Ольга улыбнулась родственнику, слегка повела бедрами, дразня. Взгляд мальчишки, как и следовало ожидать, упал ниже талии, скользнул по голым ногам. «Хочет, — подумала Ольга. — Вот оживи сейчас голоса в голове, я бы такого услышала…»

Но голоса, к счастью, молчали. И без того было всё ясно. Опережая следующую невысказанную фразу двоюродного брата, Ольга быстро спросила вполне деловым тоном, не будучи уверенной, правда, в нужном применении жаргонизмов:

— Слышала, ты собрался в ментовскую шарагу поступать. Не стремно?

Мальчишка изменился в лице.

— Кто это тебе накапал?

— Мама твоя сказала, — отчеканила Точилова. — Даже мне странно: вроде такой нормальный парень, а собрался в полицейское училище. Туда же самые отбросы поступают, кого в школе пацаны угнетали… Перед друзьями стыдно не будет?

— Да это… Оль, я первый раз слышу! Это чё это, маманя, значит, за меня уже решает, что мне делать и где учиться?!

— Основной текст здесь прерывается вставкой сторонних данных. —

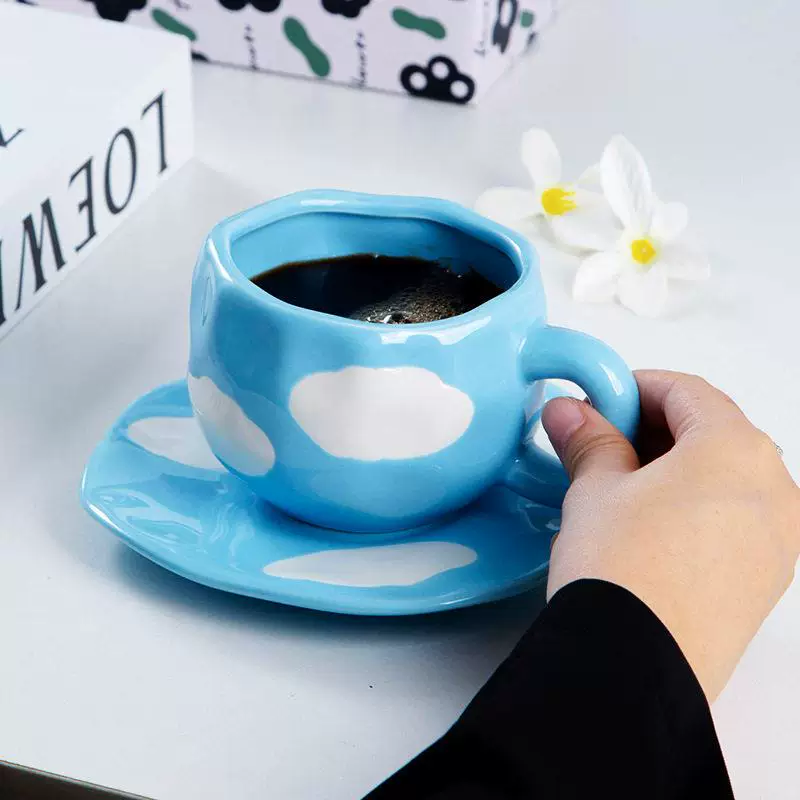 Милая керамическая посуда, кофейный набор, Южная Корея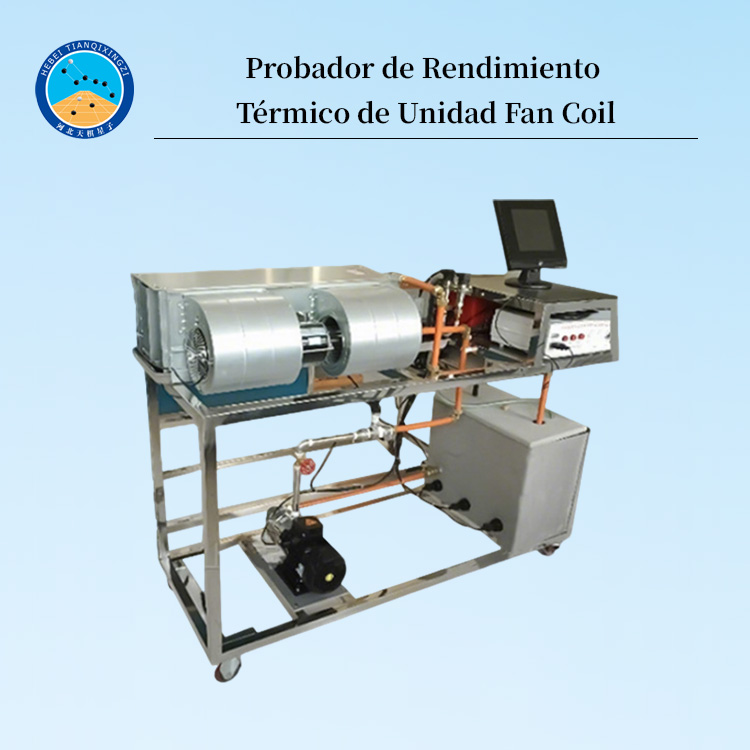 Máquina de pruebas térmicas para unidades fan coil apta para aire acondicionado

Паренек закипал быстро, и достаточно бурно притом. Негодование выплескивалось уже через край. Белая гладкая кожа лица покрылась румянцем, Точилова невольно залюбовалась: все-таки мужчина в гневе — это само по себе уже красиво… Хотя какой из этого девятиклассника мужчина? «Впрочем, а что я про него знаю? — одернула сама себя Ольга. — Не исключено, что первая череда собачьих свадеб у него уже позади, да и вообще — в селах подростки рано к взрослой жизни приобщаются».

— Толик, слушай, наверное, она забыла сказать мне, что обсуждать с тобой это не надо, — беспокойным тоном заговорила Ольга. И, подойдя к двоюродному брату почти вплотную, положила ему руку на плечо: — ты не выдавай меня только, хорошо?

Точилова улыбнулась и ласкающее провела ладонью по руке парня, почти физически ощущая излучаемые его телом флюиды.

— Ты же не выдашь меня? — тихо спросила она.

— Нет, — тоже негромко ответил Толя и, по всей видимости, честно. По крайней мере, он постарается держать язык за зубами.

— Спасибо, Толик, — сказала Точилова, отступая на шаг. — Ты всегда был славным парнем.

Возможно, беседа закончилась на несколько фальшивой ноте, но подросток ее не распознал. По причине либо еще не натренированного слуха, либо просто потому что от рождения не был способен различать подобные речевые нюансы.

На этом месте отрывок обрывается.